Massive snowstorm brings East Coast to standstill

Jan 23, 2016, 12:38 PM EST
A snowstorm hits Washington D.C. in 2010.
Source: David Gaines/flickr

A winter storm dumped nearly 2 feet (58 cm) of snow on the suburbs of Washington, D.C., on Saturday before moving on to Philadelphia and New York, paralyzing road, rail and airline travel along the U.S. East Coast.

Reuters reports:

At least 10 states declared weather emergencies, aiming to get a handle on highways made impassable by the drifting snow and to shore up coastal areas where the blizzard conditions raised the danger of flooding. High winds battered the region, reaching 70 miles per hour in Wallops Island, Virginia, late on Friday, said meteorologist Greg Gallina of the National Weather Service. High tides washed through the streets of Jersey Shore towns, mixing with snow and pooling in driveways, televised images showed.
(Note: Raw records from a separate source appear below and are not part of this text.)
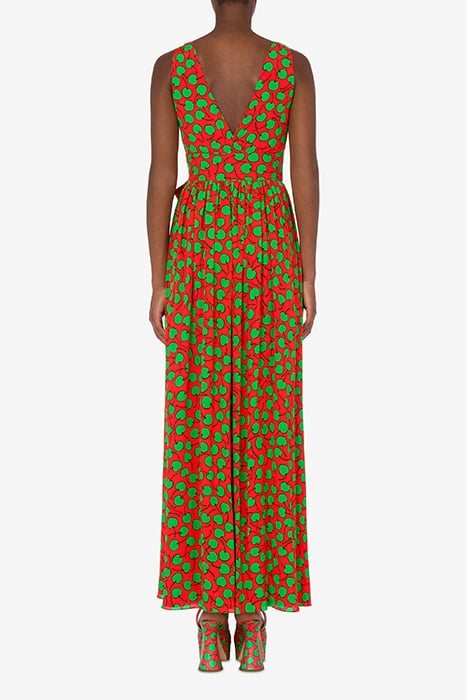 ALLOVER CHERRY GEORGETTE DRESS RED 2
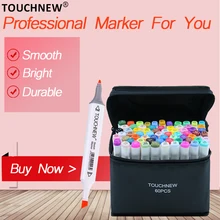 TOUCHNEW 30/40/60/80/108/168 Цвета маркер для рисования ручка на спиртовой основе маркеры двойная головка манга, ручки для рисования, товары для рукоделия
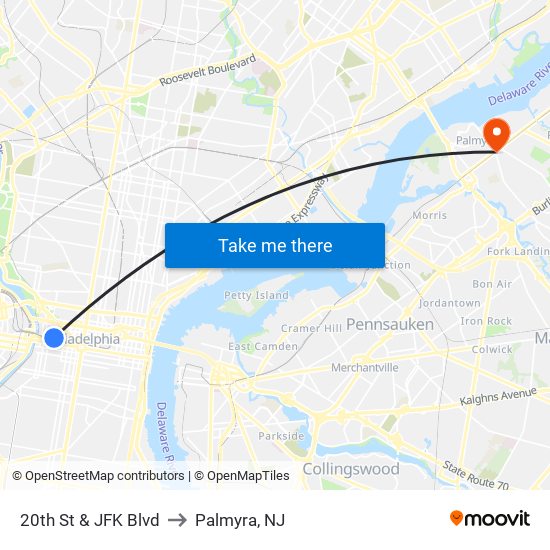 20th St & JFK Blvd to Palmyra, NJ map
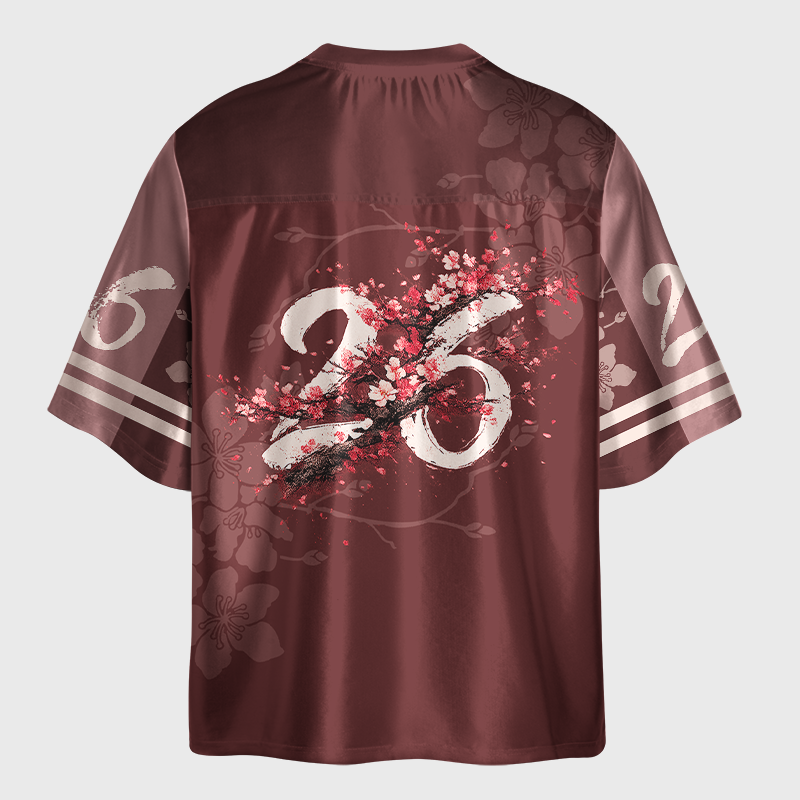 Tokyo-Tiger Winter Plum Resilience Glossy Oversized Jersey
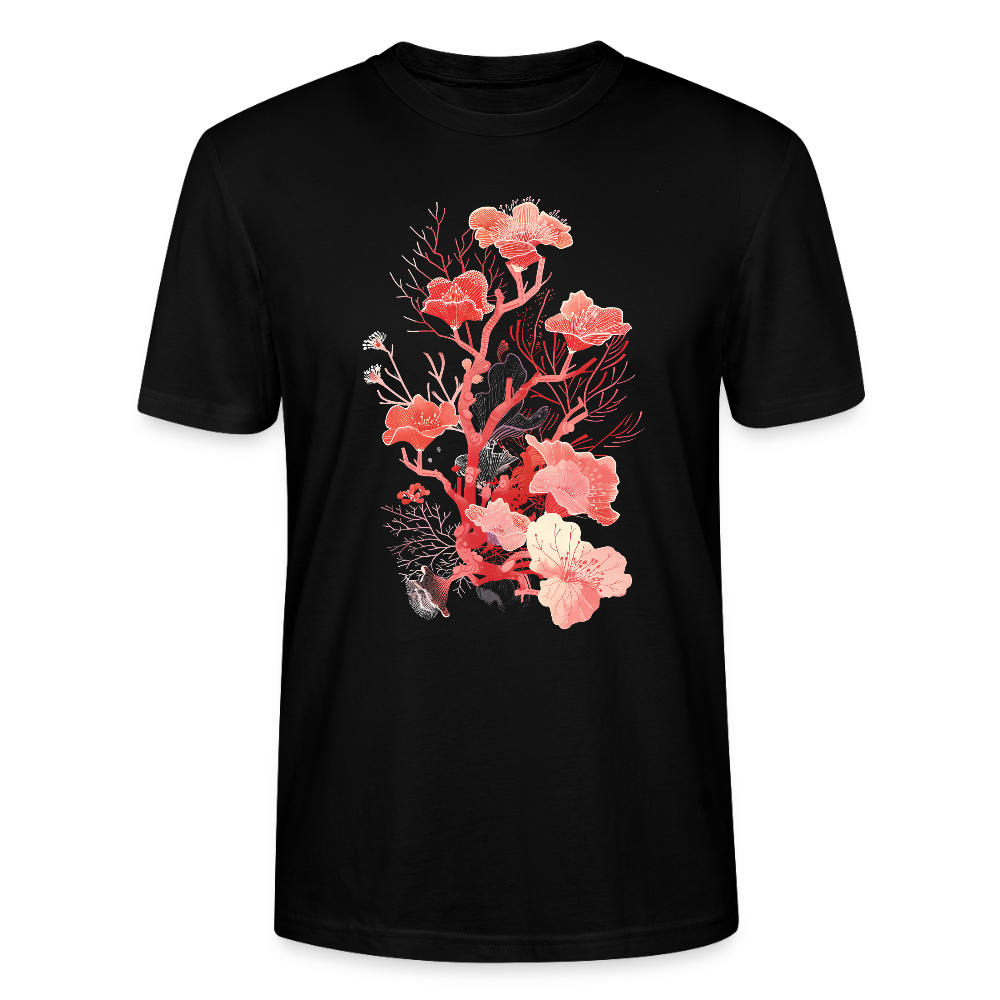 Zarte Korallen Blumen - Stanley/Stella Unisex Bio-T-Shirt CRAFTER - Schwarz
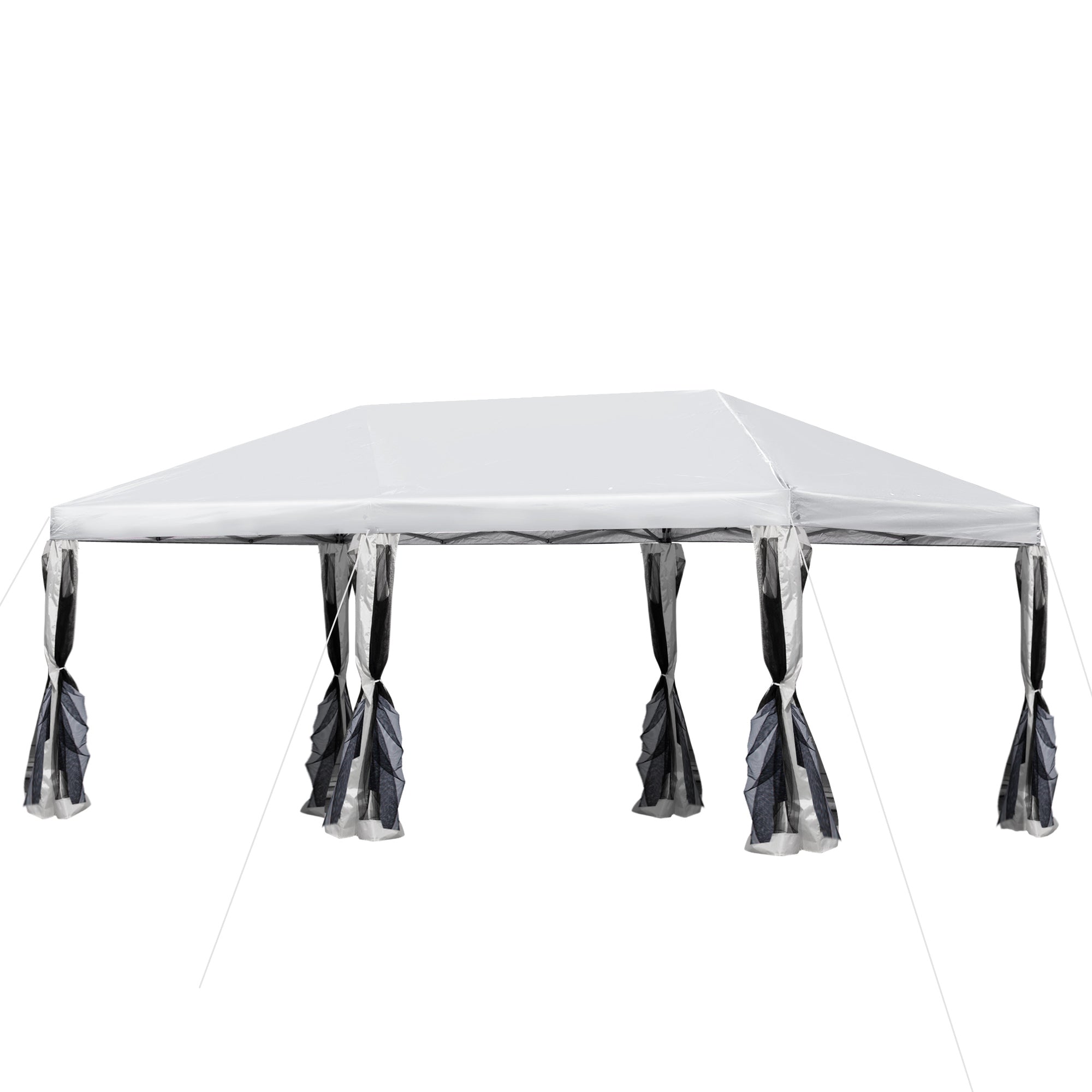 Folding Pavilion Garden Pavillion Pop-Up Pavilion Steel+Oxford+Mesh with Bag Outdoor Cream White 5.9 x 2.95 x 2.5 m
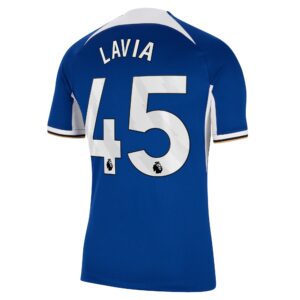 Chelsea Home Stadium Sponsored Shirt 2023-24 With Lavia 45 Printing
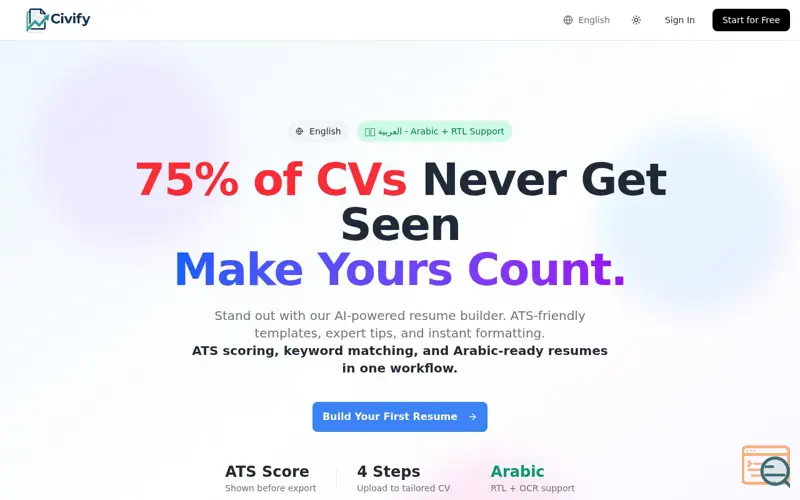 Screenshot of Civify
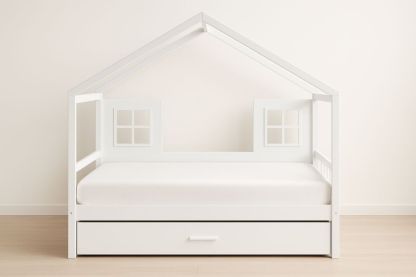 Lit cabane enfant en bois avec tiroir et cadre maison Blanc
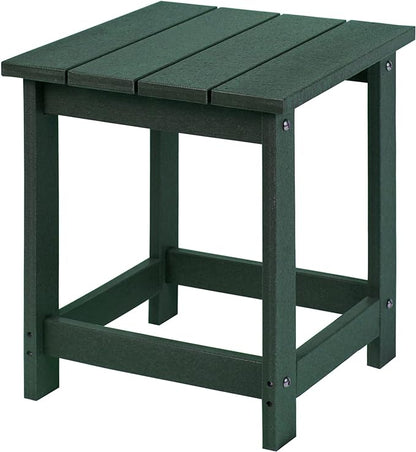 LZRS Adirondack Square Outdoor Side Table for Patio, Pool Composite Patio Table,HDPE End Tables for Backyard,Pool, Indoor Companion, Easy Maintenance & Weather Resistant(Dark Green)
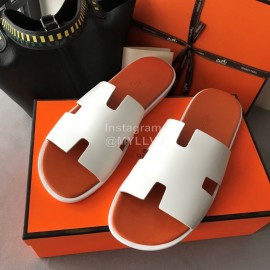 Hermes Summer Color Matching Slippers For Men White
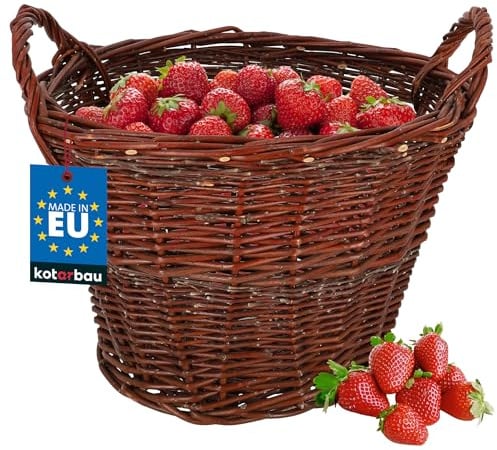 KOTARBAU® Weidenkorb mit Griffen - ø 40 cm - Blumen Korb - Aufbewahrung von Spielzeug - Holzkorb für Kaminholz - Erntekorb aus Weide - Aufbewahrungskörbe - Braun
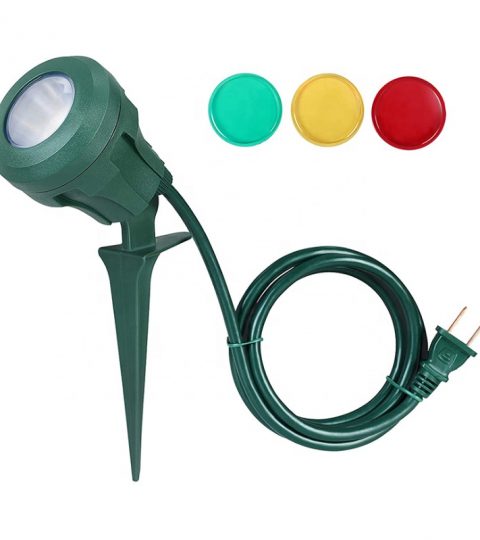 Outdoor Spotlight Plug In, 400lm LED Waterproof Landscape Flag Flood Light Spike 6FT Extension Cord For Tree,Yard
Video footage on CNN showed water pouring into downtown Margate, New Jersey, near Atlantic City, an area still recovering from Superstorm Sandy three years ago.

The BBC writes:

The U.S. federal government closed down at noon on Friday. President Obama is remaining at the White House. The National Weather Service (NWS) warned that the worst of the snow would fall in the Washington area from the early hours of Saturday to the early afternoon, with winds of more than 50mph (80kph). In a warning at 02:17 (07:17 GMT), the NWS tweeted that an "intense snow band" was moving through the area. "Expect rapid accumulations and near-whiteout conditions," it warned. The most intense parts of the snowstorm are heading north towards New York state on Saturday.